RESULTS_DIR = Path to result dir
MODEL_SIZE = set to 'small' for Imagenet features and to 'moco' for moco features
CKPT_PATH = Path to folder containing trained models for the 10 random seeds (eg: './result_folder/')
CSV_FILE_CONTAINING_ANNOTATIONS = Path to csv file with test data

CUDA_VISIBLE_DEVICES=XX python eval_clam.py --drop_out --k 1 --models_exp_code ${CKPT_PATH} \
	--save_exp_code ${RESULTS_DIR} --task task_3_cleo_binary --model_type 'clam_mb' \
	--results_dir results --data_root_dir ${FEATURE_PATH} --csv_dir ${CSV_FILE_CONTAINING_ANNOTATIONS} \
	--model_size ${MODEL_SIZE} --drop_out

Data availability

TCGA slide image data can be accessed through the Genomic Data Commons (GDC) portal https://portal.gdc.cancer.gov/. TIL scores for the TCGA slides are available from the authors upon reasonable request.

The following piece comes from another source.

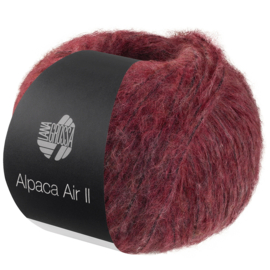 Alpaca Air II 37 Bourgondisch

The slide images used in this study from clinical trials are subject to strict control and usage requirements and have been used with direct permission from the data custodians. To obtain the slide images and TIL scores requests should be made to the corresponding authors of the current study. TIGER slide image data along with TIL scores are available at https://tiger.grand-challenge.org/

Trained model availability

Trained model weights for the MoCo encoder and the two mixed dataset classification models of this paper are available upon request from corresponding authors of this work. Model weights for segmentation model can be requested from corresponding author of https://doi.org/10.1093/bioinformatics/btz083.

Acknowledgement

This code thankfully re-uses/ modifies/ extends code shared by following repositories.

License

This source code is released under the GNU General Public License v3.0, included here.